2.1.3.2 Prioritas yang Bersaing
Remaja yang lebih tua khususnya berbicara tentang tuntutan yang bersaing yang lebih diutamakan daripada BRAVE, “… Saya agak sibuk dengan sekolah…. Sulit untuk menyelesaikannya saat Anda mencoba menyelesaikan pekerjaan sekolah,” (AS, 16 tahun). Selain itu, semua peserta (termasuk remaja yang lebih muda) menyoroti bahwa banyaknya tuntutan masa remaja, seperti acara sosial, kegiatan ekstrakurikuler, dan komitmen keluarga, dapat menghambat kemampuan remaja untuk terlibat sepenuhnya dalam program iCBT. ZB, seorang perempuan berusia 17 tahun, merenungkan, “Saya menjadi sangat sibuk dengan olahraga, sekolah, pekerjaan sambilan, dan kehidupan dan benar-benar melupakannya.” Seorang remaja yang lebih muda, berusia 14 tahun, menambahkan, “Saya akhirnya tidak menyelesaikannya karena saya merasa itu terlalu banyak dengan segala hal lainnya.” Remaja yang lebih tua yang menyelesaikan tahun-tahun terakhir sekolah mereka juga merenungkan bahwa memprioritaskan program iCBT daripada banyak tuntutan mereka yang saling bertentangan itu sulit.
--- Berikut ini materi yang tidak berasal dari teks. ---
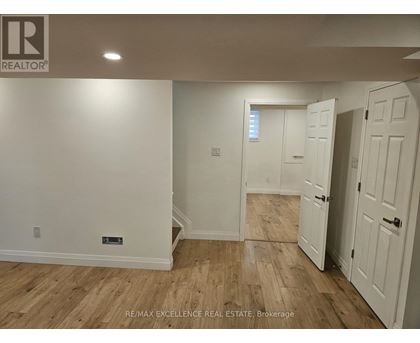 A room with wooden flooring and white walls, with a door on the right.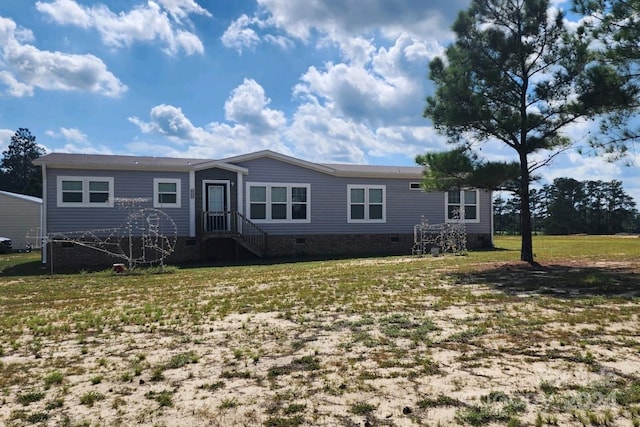 view of front of property with a front lawn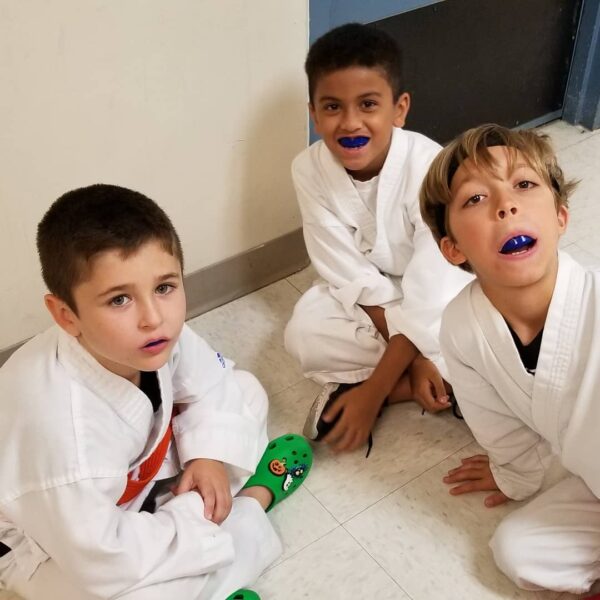Noah, Sebastian and Isaac waiting to be called for categories 9, 8 and 7 year old for #kumite and #kata competition at Tournament of Legends #miami@timeoutkarate #ninjalounge #dezerlandpark #karate #wado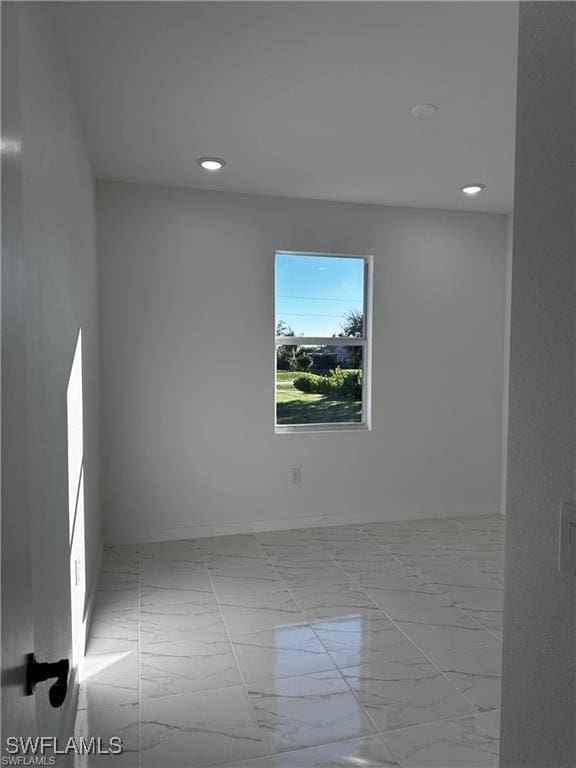 394 Palora Ave, Lehigh Acres, FL 33974 - unfurnished room featuring recessed lighting and marble finish floors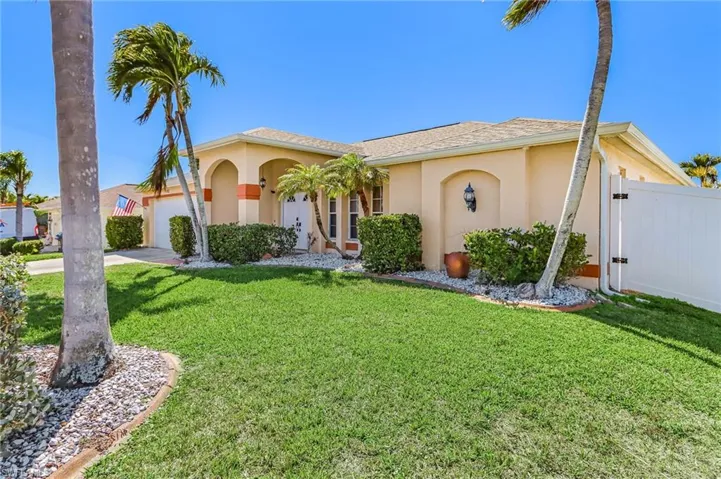 View of front of house featuring an attached garage, stucco siding, a front yard, a gate, and concrete driveway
Seiring bertambahnya usia remaja dan berkembangnya identitas dan kepribadian mereka, bukan hal yang aneh bagi mereka untuk menghabiskan banyak malam dan akhir pekan dengan melakukan pekerjaan sambilan, mendapatkan SIM, acara sosial, hubungan, kegiatan ekstrakurikuler, dan komitmen keluarga, selain menyelesaikan pekerjaan rumah dan tugas penilaian untuk mendapatkan Sertifikat Sekolah Menengah Atas. Meskipun tema ini mungkin tidak unik untuk program iCBT, jika dikombinasikan dengan persepsi bahwa terapi tatap muka akan lebih mudah dan memberikan lebih banyak akuntabilitas, prioritas yang bersaing tampaknya menjadi hambatan signifikan untuk terlibat dalam program daring.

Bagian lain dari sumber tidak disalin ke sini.